* WORK INSTRUCTIONS
Once the line with "Western Blot detection" is found in the data, output it and each following line exactly, up to and including the line with "زایلیتول محافظ دندان کودکان در برابر پوسیدگی", and nothing before or after.

* WORKING DATA

#####

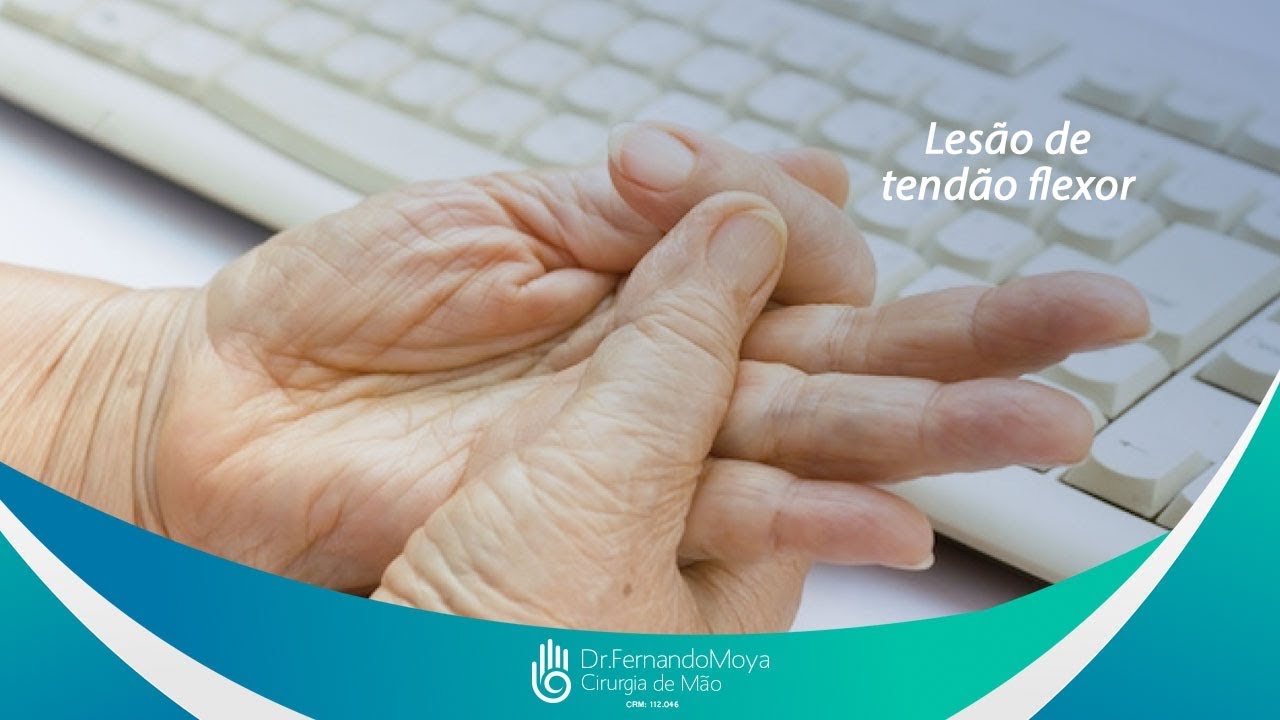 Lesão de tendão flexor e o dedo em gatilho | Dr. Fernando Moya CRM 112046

#####

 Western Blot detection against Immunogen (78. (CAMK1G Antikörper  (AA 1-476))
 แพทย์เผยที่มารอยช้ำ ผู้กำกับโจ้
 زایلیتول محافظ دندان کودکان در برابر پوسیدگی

#####

* WRITTEN SOLUTION
 Western Blot detection against Immunogen (78. (CAMK1G Antikörper  (AA 1-476))
 แพทย์เผยที่มารอยช้ำ ผู้กำกับโจ้
 زایلیتول محافظ دندان کودکان در برابر پوسیدگی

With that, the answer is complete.